Now the nautical references are gone and the piazza look that many had asked for is in the plan.

“We heard you want a flexible, simple open space where people could sit, where kids could run around,” Alison Shipley of the landscape architecture firm of Quennell Rothschild and Partners told a roomful of residents, many of them parents, at a meeting of Community Board 1’s Waterfront and Parks Committee. “Not with any structured type of play equipment or fixed elements.”

Shipley emphasized that the designers were heavily restricted by a sewer line that runs along the southern end of the site, with a 15-foot easement on either side that prevents plantings over two-thirds of the plaza.

The Parks Department won mostly praise for the new plan. “This design is beautiful. It accommodates things for children, for seniors, for so many of the people that live and work and play in the seaport,” said Emily Hellstrom, PTA president of Peck Slip School, a block west of the site. “So thank you, thank you, thank you.”

“This is a huge turnaround story,” said CB1 member Jason Friedman, who had long led the call to halt the previous plan. “It’s amazing where we’ve come from.”

Some in the room voiced concerns about closing Front Street, which runs through the site, and its effect on traffic and deliveries for area businesses. CB1, in its resolution approving the plan, called on the city Department of Transportation to “propose additional traffic modifications” to relieve potential problems. The board also asked for an elevated stepped structure at the east end of the park to impede balls and children from going onto South Street.

Construction is expected to begin in the summer or fall of next year and take a year to complete, according to a Parks Department official.

Here are the main features of the proposed Peck Slip Park design, shown below.

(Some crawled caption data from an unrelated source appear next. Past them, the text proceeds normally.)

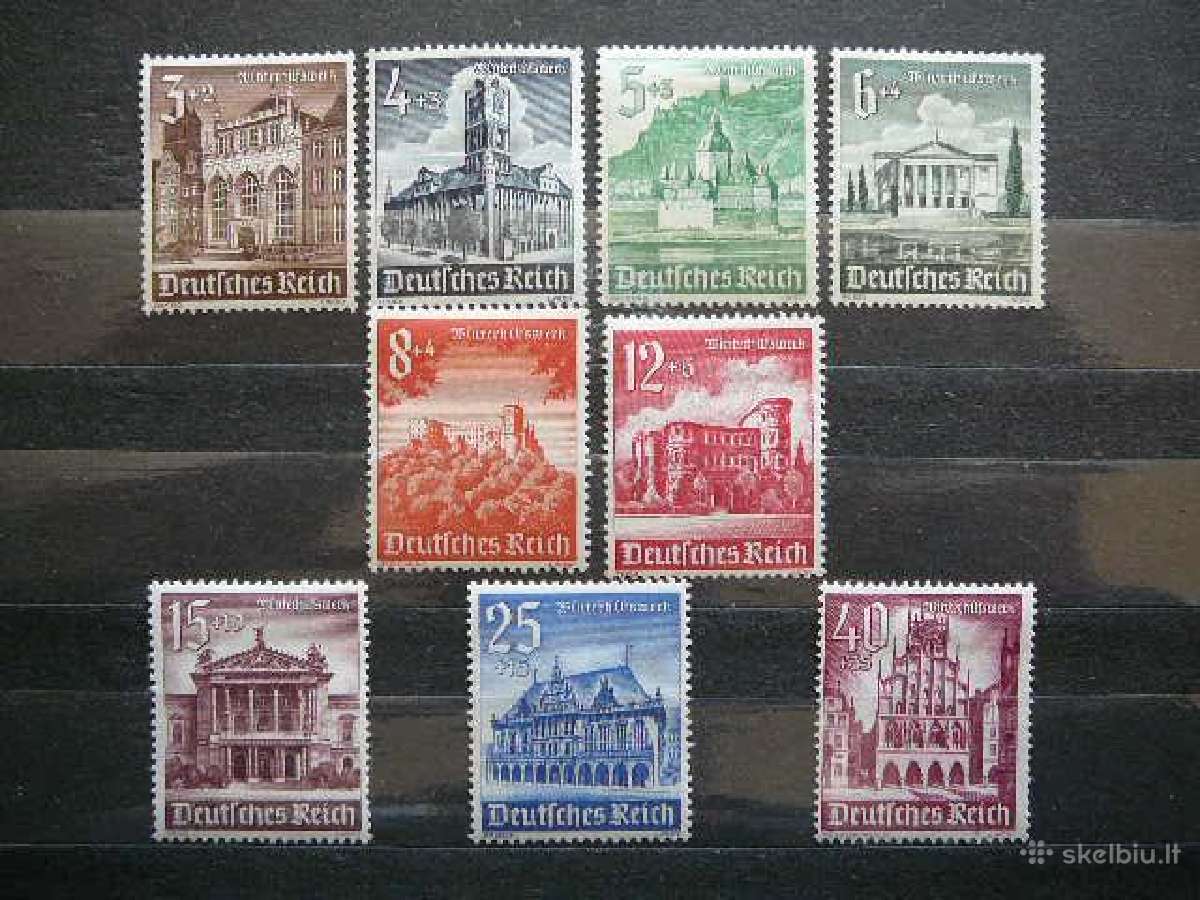 Architektura Vokietija 1940 svarus vkt751/9sl
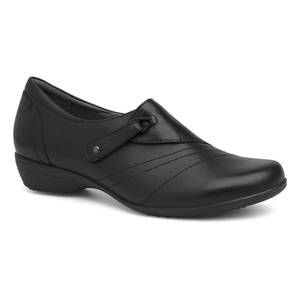 NEW DANSKO women's franny slip on shoes in black leather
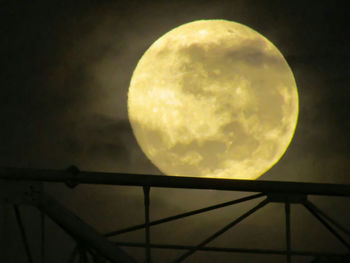 Low angle view of moon in sky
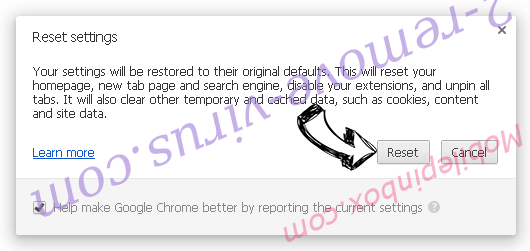 Search.bearshare.com Chrome reset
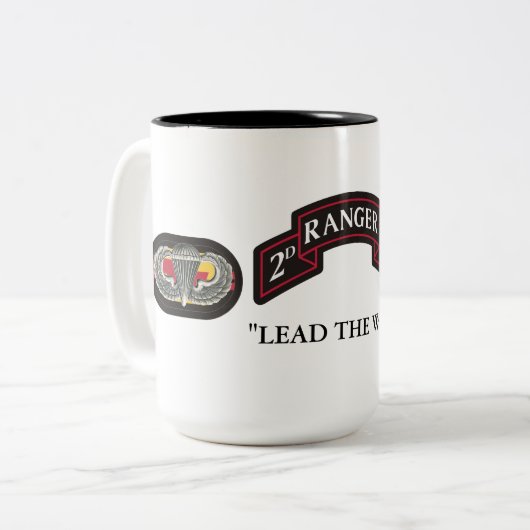 TASSE 2 COULEURS 2E BATTALION 75E RANGER REGIMENT (Devant gauche)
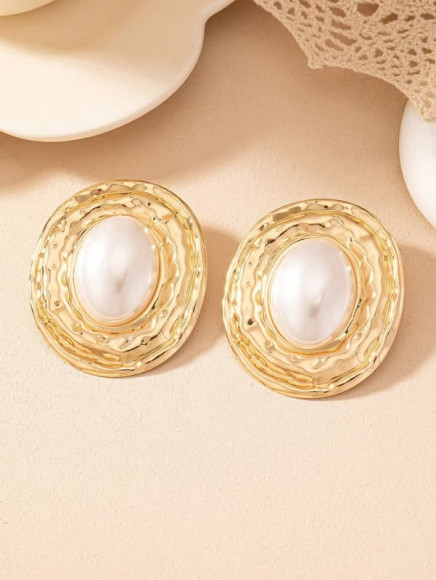 Серьги ювелирный сплав жемчужина 1J11742CJJ Серьги ювелирный сплав жемчужина 1J11742CJJ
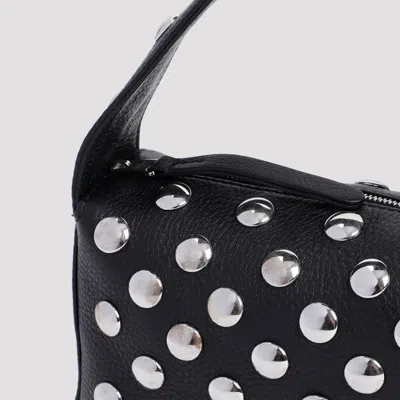 Khaite Elena Small Studded Textured-leather Shoulder Bag In Black
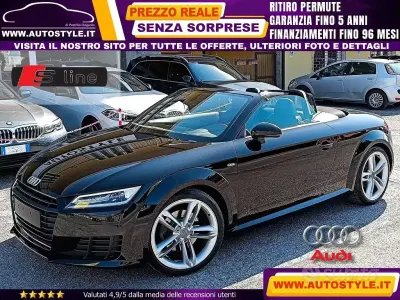 Occasion Audi TT Roadster S-Line 180 PK (132 kW) 2016 Zwart Cabriolet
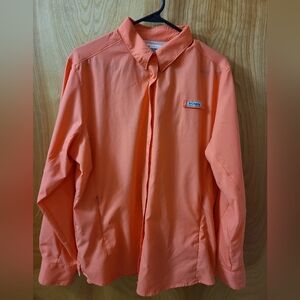 Columbia Vibrant Orange Shirt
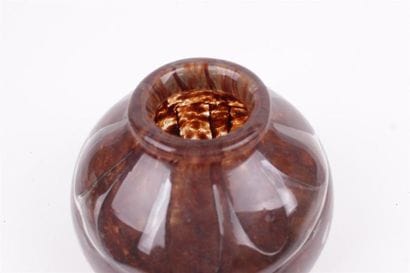 VERLYS - Vase boule en verre. Epreuve de...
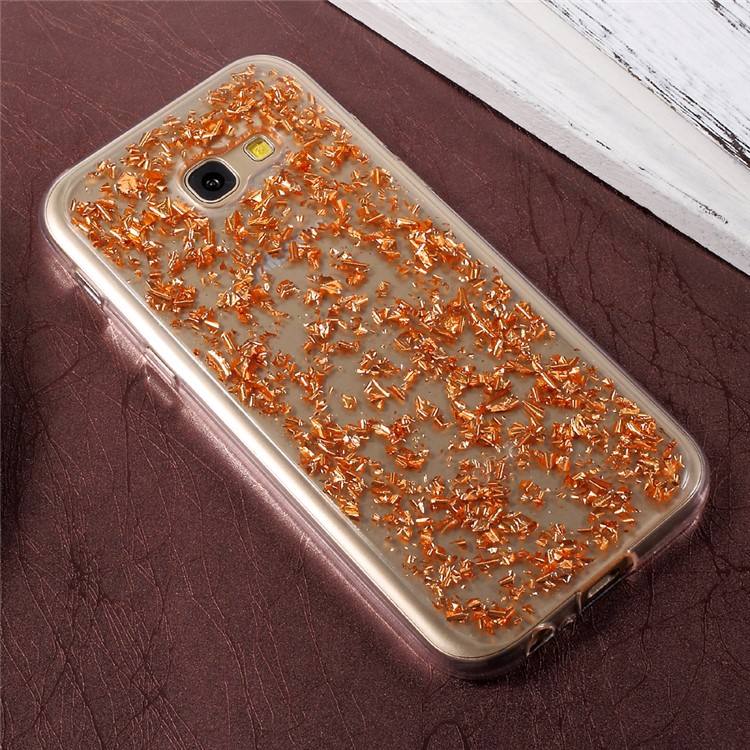 Glitter Sequins Glossy TPU Case for Samsung Galaxy A3 (2017) - Orange-3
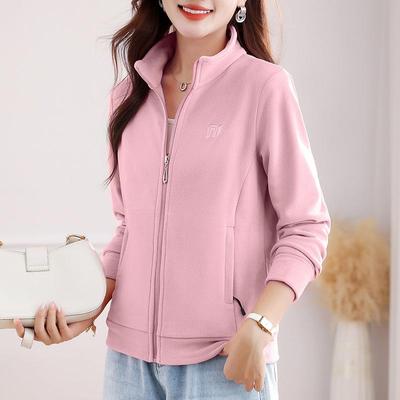 短款女士双面绒外套2025秋冬新款加厚加厚摇粒绒中年妈妈保暖上衣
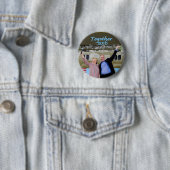 Hillary 2016-Button Ronde Button 5,7 Cm (In situ)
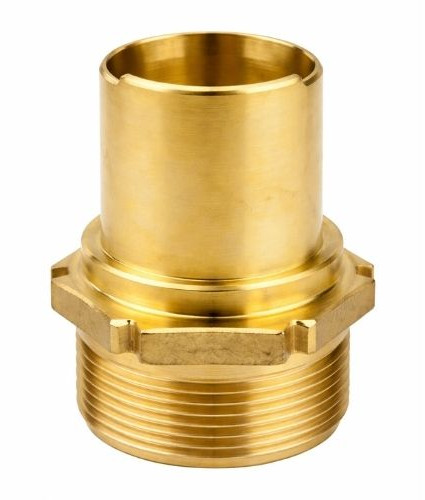 Tank Truck Coupling Hose tail - Brass - 50mm x 2" male thread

The designers are proposing a lighter granite paving that is meant to match “as closely as possible” the size and color of the existing cobblestone street but with a flatter block that makes it accessible for wheelchairs and people with canes. In between the pavings are irregular bands of darker granite. Where Front Street now runs through the park would be the lighter-colored, flat granite pavers. A foot-high curb and bollards would protect the site from vehicles.


There will be plant beds with grasses and perennials on the north and south sides of the park but because of a sewer line, trees can only be planted on the north side. The sewer also limits shade trees on the east side; smaller trees will be planted on the west.


The planting beds will be edged with stone benches on both sides, topped with wooden bench seats, similar to those now on the East River Esplanade. The shade trees will also have seating beneath them. Local merchants could put out their own tables and chairs, as they do now, to provide flexible seating.